• [Recorded information]:
§ §

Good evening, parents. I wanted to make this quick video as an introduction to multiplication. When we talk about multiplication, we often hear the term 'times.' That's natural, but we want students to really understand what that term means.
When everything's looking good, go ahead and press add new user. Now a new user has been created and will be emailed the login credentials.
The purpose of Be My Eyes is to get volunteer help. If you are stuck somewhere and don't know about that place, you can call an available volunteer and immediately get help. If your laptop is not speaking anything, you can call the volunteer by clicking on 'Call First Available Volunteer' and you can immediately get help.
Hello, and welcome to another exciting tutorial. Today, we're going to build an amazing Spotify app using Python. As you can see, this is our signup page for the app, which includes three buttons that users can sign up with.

§ §

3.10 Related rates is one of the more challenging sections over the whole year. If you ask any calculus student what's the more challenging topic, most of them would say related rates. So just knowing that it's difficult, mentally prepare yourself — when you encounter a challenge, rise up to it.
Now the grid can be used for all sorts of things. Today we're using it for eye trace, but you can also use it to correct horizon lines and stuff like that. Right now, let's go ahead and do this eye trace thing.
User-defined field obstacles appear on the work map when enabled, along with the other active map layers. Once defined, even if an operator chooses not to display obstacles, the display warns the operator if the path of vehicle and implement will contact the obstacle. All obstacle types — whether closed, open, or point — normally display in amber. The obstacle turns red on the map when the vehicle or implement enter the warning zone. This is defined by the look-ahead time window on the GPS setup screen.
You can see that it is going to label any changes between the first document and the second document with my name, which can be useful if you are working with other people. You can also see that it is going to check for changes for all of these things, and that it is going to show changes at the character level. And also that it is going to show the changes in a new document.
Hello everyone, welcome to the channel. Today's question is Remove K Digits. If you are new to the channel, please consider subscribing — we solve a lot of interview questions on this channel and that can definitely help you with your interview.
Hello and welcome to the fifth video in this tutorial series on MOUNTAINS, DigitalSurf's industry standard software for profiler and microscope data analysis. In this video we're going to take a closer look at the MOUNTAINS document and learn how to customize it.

§ §

• [Prompt]:
Once you find the line with "Good evening, parents." in the entries above, output it and each line after it up to and including the line with "Hello, and welcome", and nothing else.

• [Output]:
Good evening, parents. I wanted to make this quick video as an introduction to multiplication. When we talk about multiplication, we often hear the term 'times.' That's natural, but we want students to really understand what that term means.
When everything's looking good, go ahead and press add new user. Now a new user has been created and will be emailed the login credentials.
The purpose of Be My Eyes is to get volunteer help. If you are stuck somewhere and don't know about that place, you can call an available volunteer and immediately get help. If your laptop is not speaking anything, you can call the volunteer by clicking on 'Call First Available Volunteer' and you can immediately get help.
Hello, and welcome to another exciting tutorial. Today, we're going to build an amazing Spotify app using Python. As you can see, this is our signup page for the app, which includes three buttons that users can sign up with.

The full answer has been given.